┌──

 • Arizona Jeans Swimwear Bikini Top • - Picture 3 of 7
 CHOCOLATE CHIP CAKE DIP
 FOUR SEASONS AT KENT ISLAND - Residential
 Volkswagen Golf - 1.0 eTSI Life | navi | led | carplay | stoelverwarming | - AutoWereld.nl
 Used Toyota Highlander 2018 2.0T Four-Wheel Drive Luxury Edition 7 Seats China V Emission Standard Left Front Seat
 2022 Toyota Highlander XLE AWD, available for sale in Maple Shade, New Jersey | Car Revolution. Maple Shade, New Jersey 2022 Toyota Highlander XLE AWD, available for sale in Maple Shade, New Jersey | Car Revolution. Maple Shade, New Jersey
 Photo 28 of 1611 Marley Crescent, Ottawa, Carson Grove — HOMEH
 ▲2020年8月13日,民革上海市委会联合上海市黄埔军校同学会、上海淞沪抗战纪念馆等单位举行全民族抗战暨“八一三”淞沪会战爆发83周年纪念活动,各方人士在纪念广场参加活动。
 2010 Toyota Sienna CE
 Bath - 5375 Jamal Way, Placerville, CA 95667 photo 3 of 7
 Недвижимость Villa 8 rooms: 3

└──

Reproduce every line above that contains the string "Toyota".

Response to the task >>
 Used Toyota Highlander 2018 2.0T Four-Wheel Drive Luxury Edition 7 Seats China V Emission Standard Left Front Seat
 2022 Toyota Highlander XLE AWD, available for sale in Maple Shade, New Jersey | Car Revolution. Maple Shade, New Jersey 2022 Toyota Highlander XLE AWD, available for sale in Maple Shade, New Jersey | Car Revolution. Maple Shade, New Jersey
 2010 Toyota Sienna CE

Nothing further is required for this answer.